• EXERCISE INPUT:
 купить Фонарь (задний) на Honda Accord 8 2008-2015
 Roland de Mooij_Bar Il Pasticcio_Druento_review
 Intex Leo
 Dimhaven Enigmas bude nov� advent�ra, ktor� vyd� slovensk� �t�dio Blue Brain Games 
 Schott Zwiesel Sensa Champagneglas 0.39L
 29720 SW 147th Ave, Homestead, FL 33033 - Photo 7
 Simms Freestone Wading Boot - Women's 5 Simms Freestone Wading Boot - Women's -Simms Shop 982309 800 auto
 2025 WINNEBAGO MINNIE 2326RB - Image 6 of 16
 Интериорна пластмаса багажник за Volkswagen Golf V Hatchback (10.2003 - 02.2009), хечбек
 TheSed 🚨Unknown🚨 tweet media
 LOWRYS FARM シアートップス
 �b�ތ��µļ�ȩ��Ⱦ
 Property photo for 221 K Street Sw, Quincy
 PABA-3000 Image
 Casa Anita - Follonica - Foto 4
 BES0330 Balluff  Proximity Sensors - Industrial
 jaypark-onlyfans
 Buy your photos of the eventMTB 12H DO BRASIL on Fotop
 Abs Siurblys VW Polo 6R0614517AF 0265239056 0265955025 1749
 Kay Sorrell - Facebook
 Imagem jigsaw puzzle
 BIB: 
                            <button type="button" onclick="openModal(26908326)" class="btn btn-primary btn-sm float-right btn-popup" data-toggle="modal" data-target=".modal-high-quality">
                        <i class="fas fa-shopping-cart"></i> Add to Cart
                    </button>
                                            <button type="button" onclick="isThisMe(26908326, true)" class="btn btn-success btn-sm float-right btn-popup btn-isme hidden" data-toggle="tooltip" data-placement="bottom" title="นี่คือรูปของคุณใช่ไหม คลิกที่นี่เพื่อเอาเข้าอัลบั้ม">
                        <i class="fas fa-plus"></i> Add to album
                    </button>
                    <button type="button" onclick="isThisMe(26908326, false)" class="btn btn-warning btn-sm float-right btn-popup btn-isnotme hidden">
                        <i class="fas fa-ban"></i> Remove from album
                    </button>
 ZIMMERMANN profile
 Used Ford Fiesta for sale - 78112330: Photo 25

• WHAT NEEDS TO BE DONE: Scan the entries above for the string "data" and copy each line containing it.

• WORKED SOLUTION:
                            <button type="button" onclick="openModal(26908326)" class="btn btn-primary btn-sm float-right btn-popup" data-toggle="modal" data-target=".modal-high-quality">
                                            <button type="button" onclick="isThisMe(26908326, true)" class="btn btn-success btn-sm float-right btn-popup btn-isme hidden" data-toggle="tooltip" data-placement="bottom" title="นี่คือรูปของคุณใช่ไหม คลิกที่นี่เพื่อเอาเข้าอัลบั้ม">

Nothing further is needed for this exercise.